Top of Record excerpts

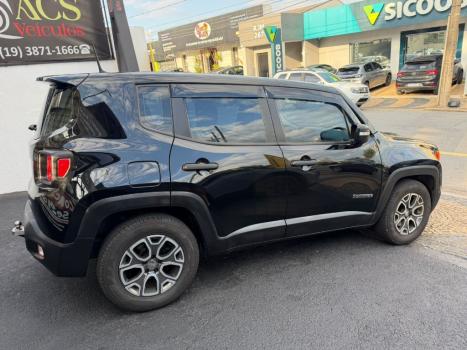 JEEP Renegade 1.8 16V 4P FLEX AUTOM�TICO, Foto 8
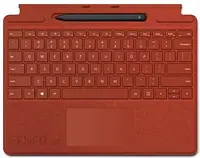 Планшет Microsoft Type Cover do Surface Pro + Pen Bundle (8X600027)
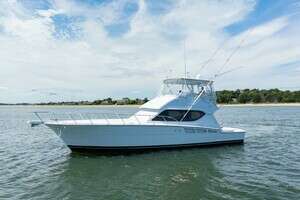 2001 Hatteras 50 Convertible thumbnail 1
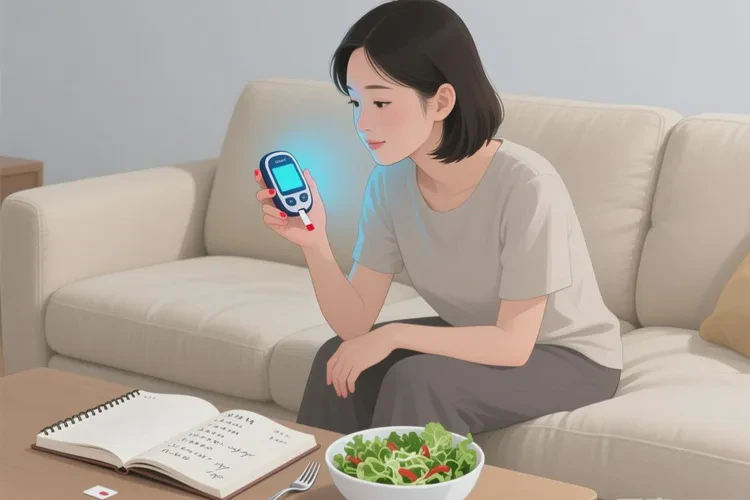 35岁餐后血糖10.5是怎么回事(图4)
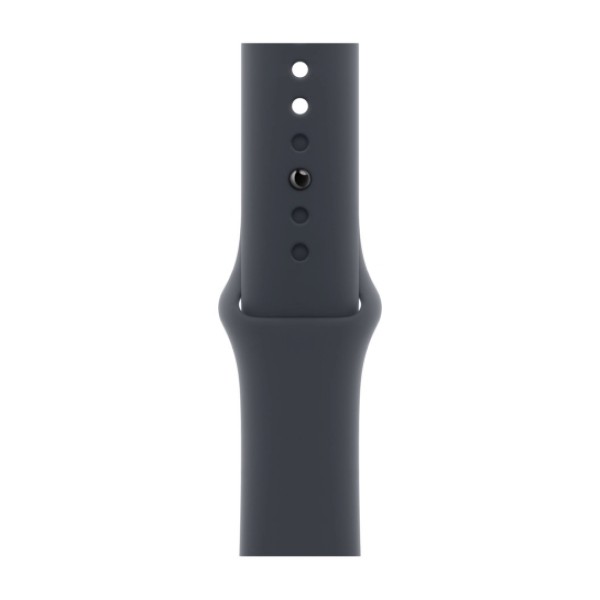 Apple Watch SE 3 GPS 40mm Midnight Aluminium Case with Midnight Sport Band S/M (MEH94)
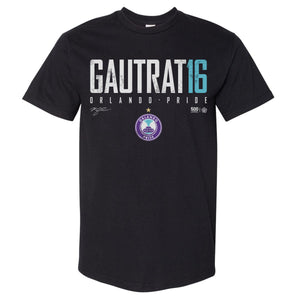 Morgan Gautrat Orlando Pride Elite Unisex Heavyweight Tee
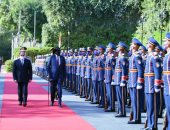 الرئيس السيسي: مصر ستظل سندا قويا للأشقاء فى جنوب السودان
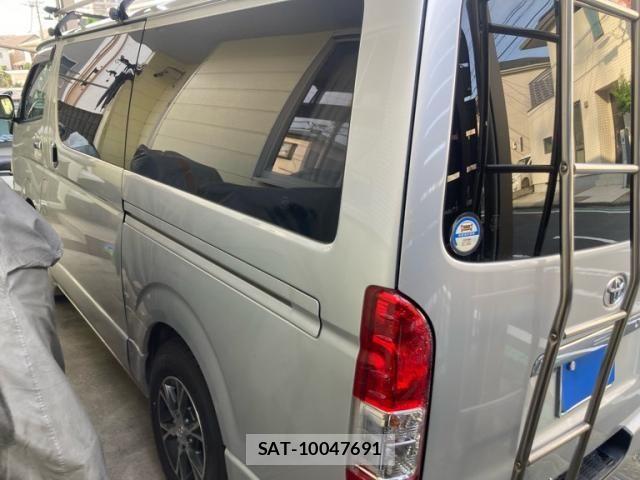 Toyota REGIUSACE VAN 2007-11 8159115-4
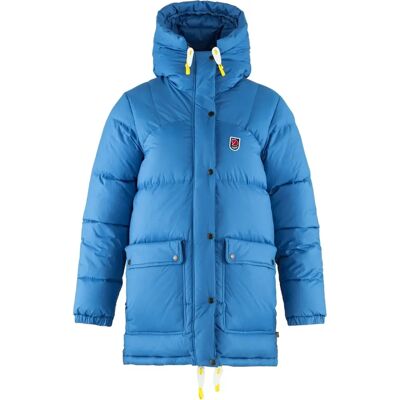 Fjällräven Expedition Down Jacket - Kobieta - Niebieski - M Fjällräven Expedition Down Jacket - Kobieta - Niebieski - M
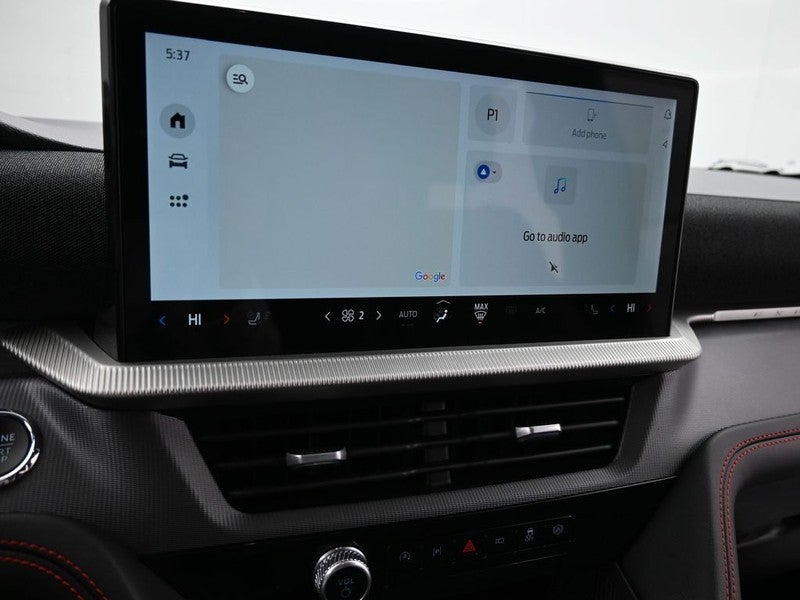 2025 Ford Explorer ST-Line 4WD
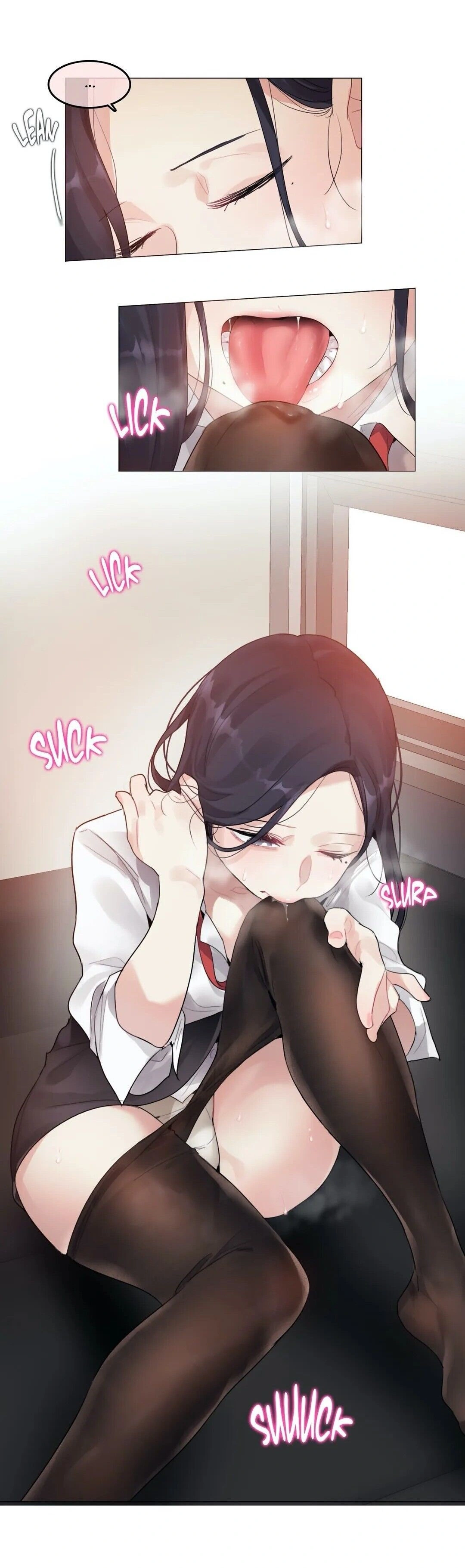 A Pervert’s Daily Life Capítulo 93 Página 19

Bottom of Record excerpts

* About this task
Once the line holding "Apple Watch SE" is found, copy it and each later line exactly through the end of the data, leaving out the pictures.

* Response for this exercise
 Apple Watch SE 3 GPS 40mm Midnight Aluminium Case with Midnight Sport Band S/M (MEH94)
 Morgan Gautrat Orlando Pride Elite Unisex Heavyweight Tee
 الرئيس السيسي: مصر ستظل سندا قويا للأشقاء فى جنوب السودان
 Toyota REGIUSACE VAN 2007-11 8159115-4
 Fjällräven Expedition Down Jacket - Kobieta - Niebieski - M Fjällräven Expedition Down Jacket - Kobieta - Niebieski - M
 2025 Ford Explorer ST-Line 4WD
 A Pervert’s Daily Life Capítulo 93 Página 19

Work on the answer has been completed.